Newman thought that if the American people understood the Japanese political-military movements from the Meiji period to the days before December 1941, it could have prevented the Pearl Harbor disaster and the outbreak of the Pacific War. Additionally he countered the statement made by some in the West that Japan was a victim of German Nazi movements, by showing from his observations in the country that Japan had been more aggressive in the Asian mainland that Germany had been in Poland.

===Exodus===
When the American State Department ordered all American residents to leave Japan because of hostility toward foreigners, Newman asked his boss for a leave of absence from Tokyo. He suspected he was constantly under police surveillance there. Later, his boss George Cornish gave him leave and Newman left for Yokohama aboard the Tatsuta Maru (one of three N.Y.K. vessels provided by the Japanese government to evacuate the Americans before the outbreak of hostilities). Thanks to his friends in the Japanese government, Newman obtained permission to leave the country, saying that he was taking a holiday in Hawaii.
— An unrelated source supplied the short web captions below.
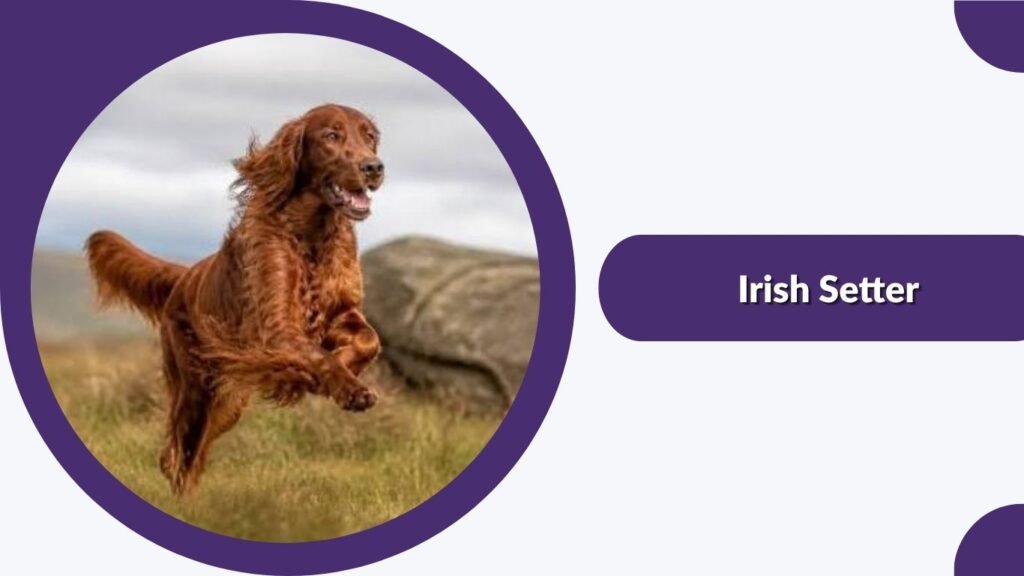 Irish Setter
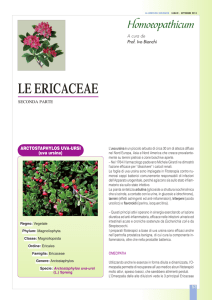 Homoeopathicum - Le Ericaceae 2° parte
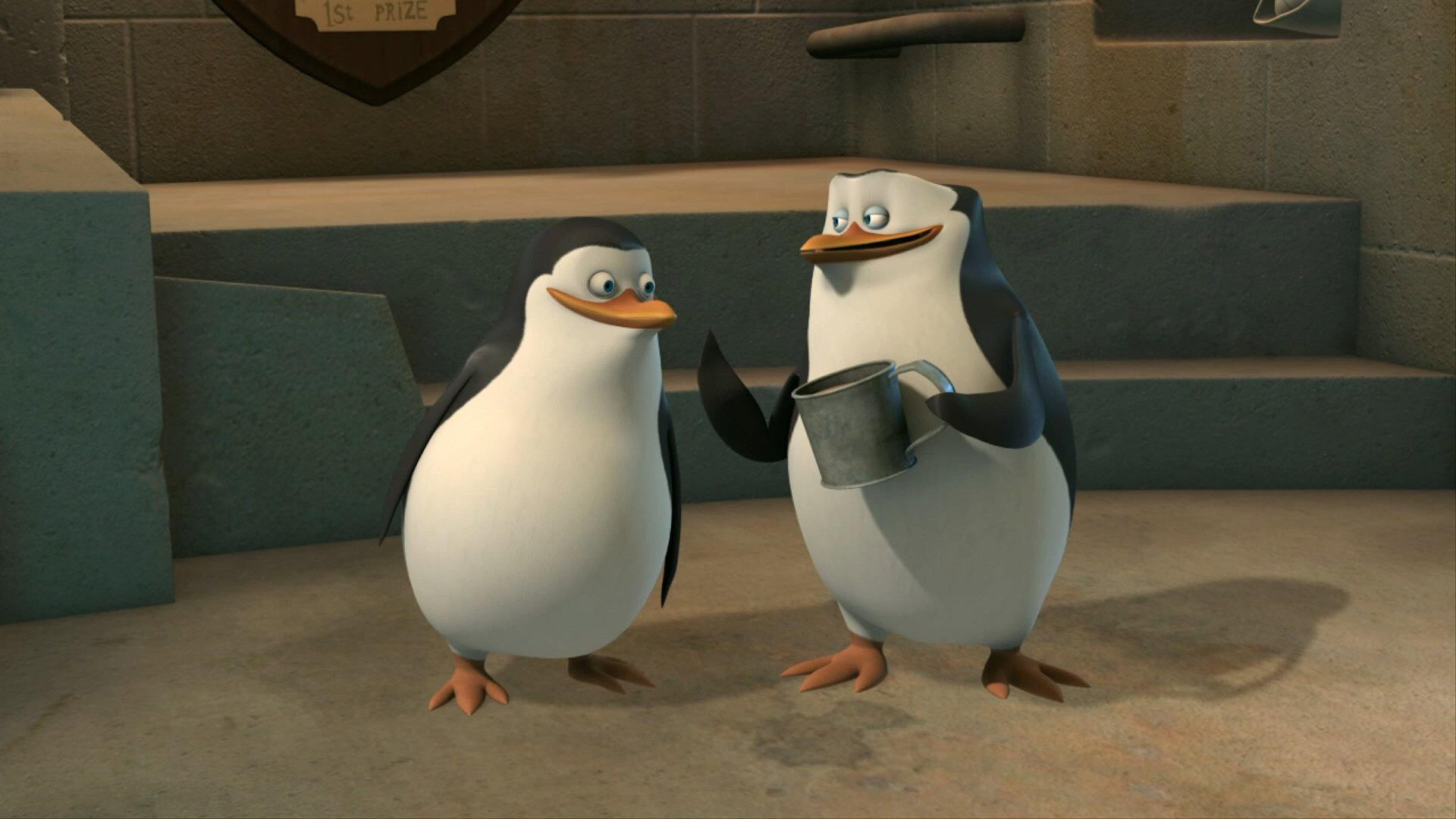 Still from Mask of the Raccoon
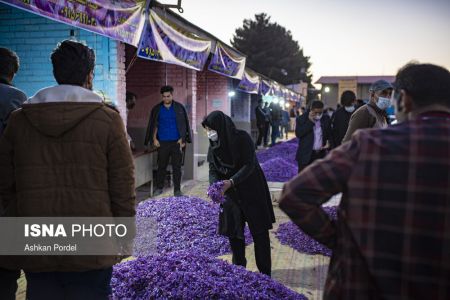  اخبار اجتماعی ,خبرهای اجتماعی, گل زعفران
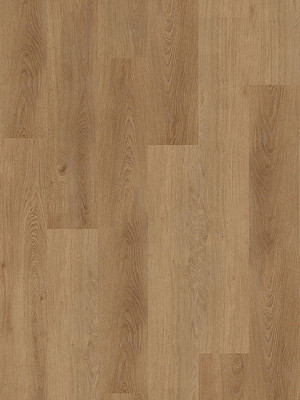 Muster: m-wDB819WL-800w Wineo 800 Wood L Designbelag...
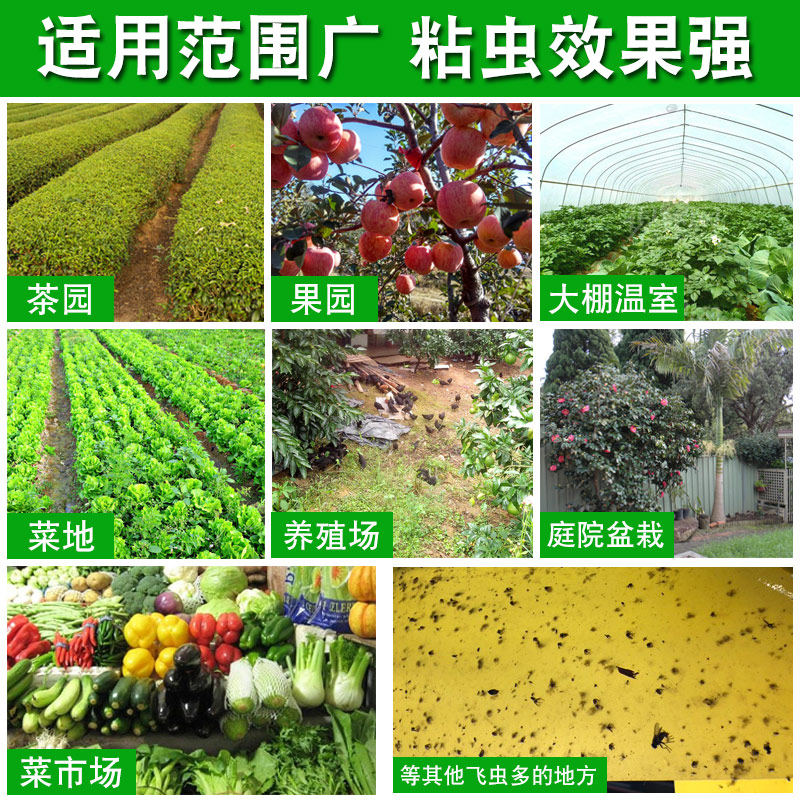 粘虫板黄板诱虫板纸贴双面黄色沾黏蚊子杀黑虫胶灭小飞虫果蝇大棚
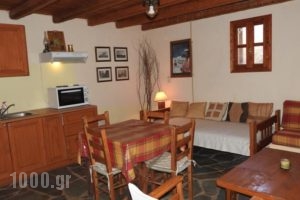 Porto Lafia Apartments_best deals_Apartment_Central Greece_Evia_Nea Stira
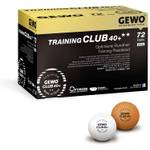 GEWO Training Club
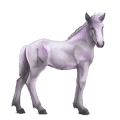 divine horse greyfell   4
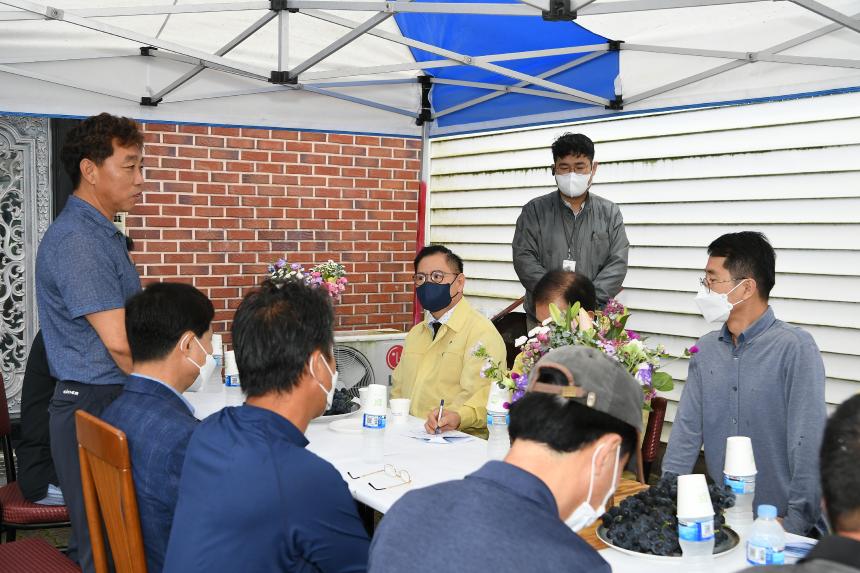 포도수확 현장 방문 - 10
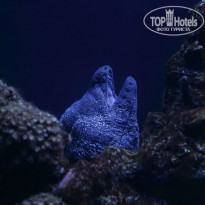 фото из отзыва ID 1043696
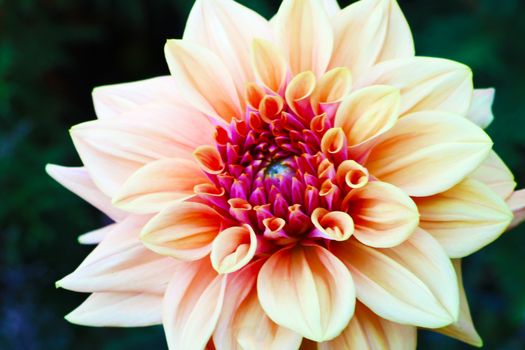 Pink, yellow and white fresh dahlia flower macro photo. Picture in color emphasizing the light different colours and yellow white highlights.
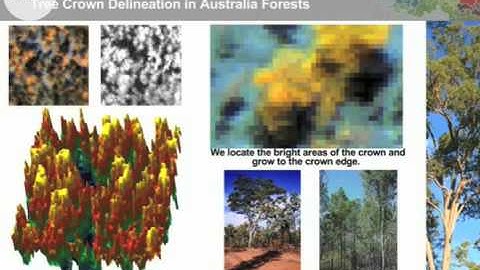 eCognition Image Analysis:  Univ of Wales Webinar Part 2/3 (Tree Crown Delineation)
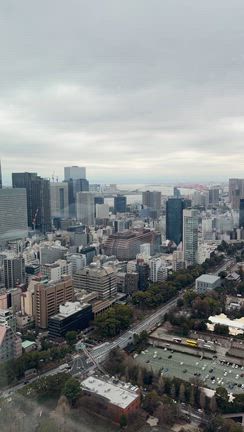 大好きな景色が見える美味しい場所╰(*´︶`*)╯♡の記事動画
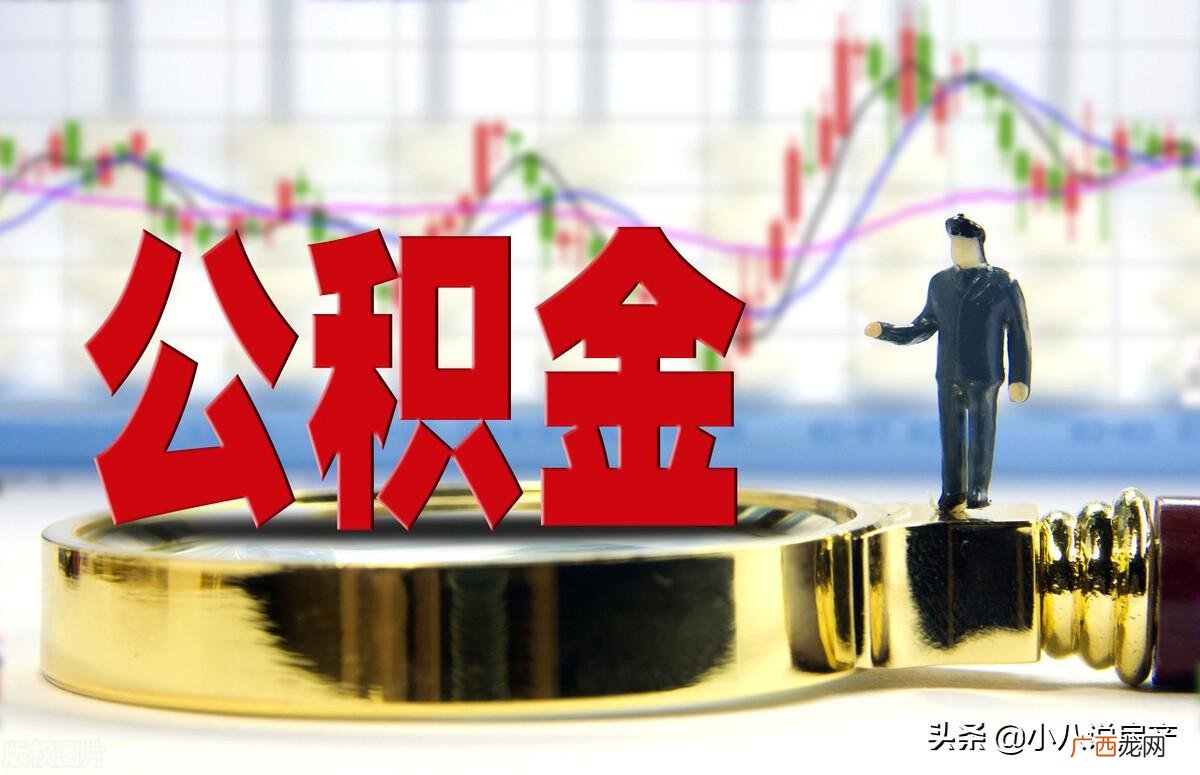 根据3种情况选择是否提取 公积金是不是尽量不要提出来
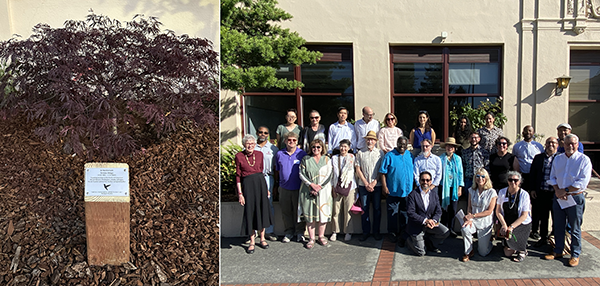 Teresia Hinga tree and plaque next to faculty gathered to honor her.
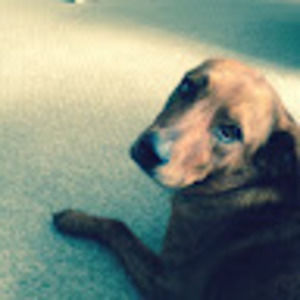 Meet your Posher, Annika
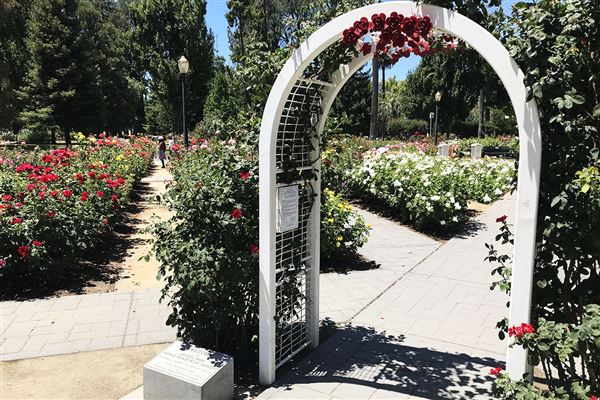 California State Capitol Museum (6/17/2020)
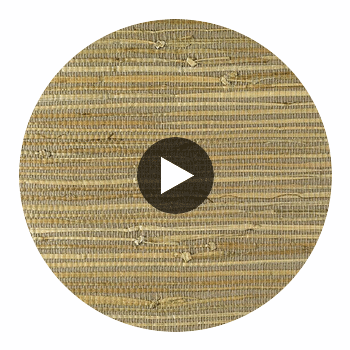 La Halelua Grasscloth | Phillipe Romano Circular Swatch | DW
Newman arrived in Honolulu for a month's vacation. He was surprised at the easy access to Pearl Harbor. It was possible for anyone to observe movements and take photographs. He contrasted this with the tight security he had observed in Japan.

On 5 December at 12:30 pm, Newman and his wife boarded the luxury vessel SS Lurline for return to New York. At 10:00 am on 7 December the captain announced that the Japanese had bombed Pearl Harbor and advised the passengers of measures to take in the event of Japanese attack on the ship.

==USSR==
Joseph Newman was also the chief correspondent for the Herald Tribune in Moscow after the war, and was host to John Steinbeck during his famous trip there.

==Later life==
After leaving Moscow, Newman moved to Argentina for several years before moving to New York. just in his period in Buenos Aires, in 1943 he authorized the Editorial Poseidon, Sociedad de Responsabilidad limitada the publication of your book in Spanish under the title "Adios al Japon"; Eight years later he and his family settled in Washington D.C. where he remained until he died.

In 1993, the Asahi Shimbun republished 'Goodbye Japan,' translated into Japanese. They invited Newman to return to Tokyo for an opening ceremony for the book. It was the first time Newman had been in Japan in fifty years. The book is still available in both the United States and Japan today.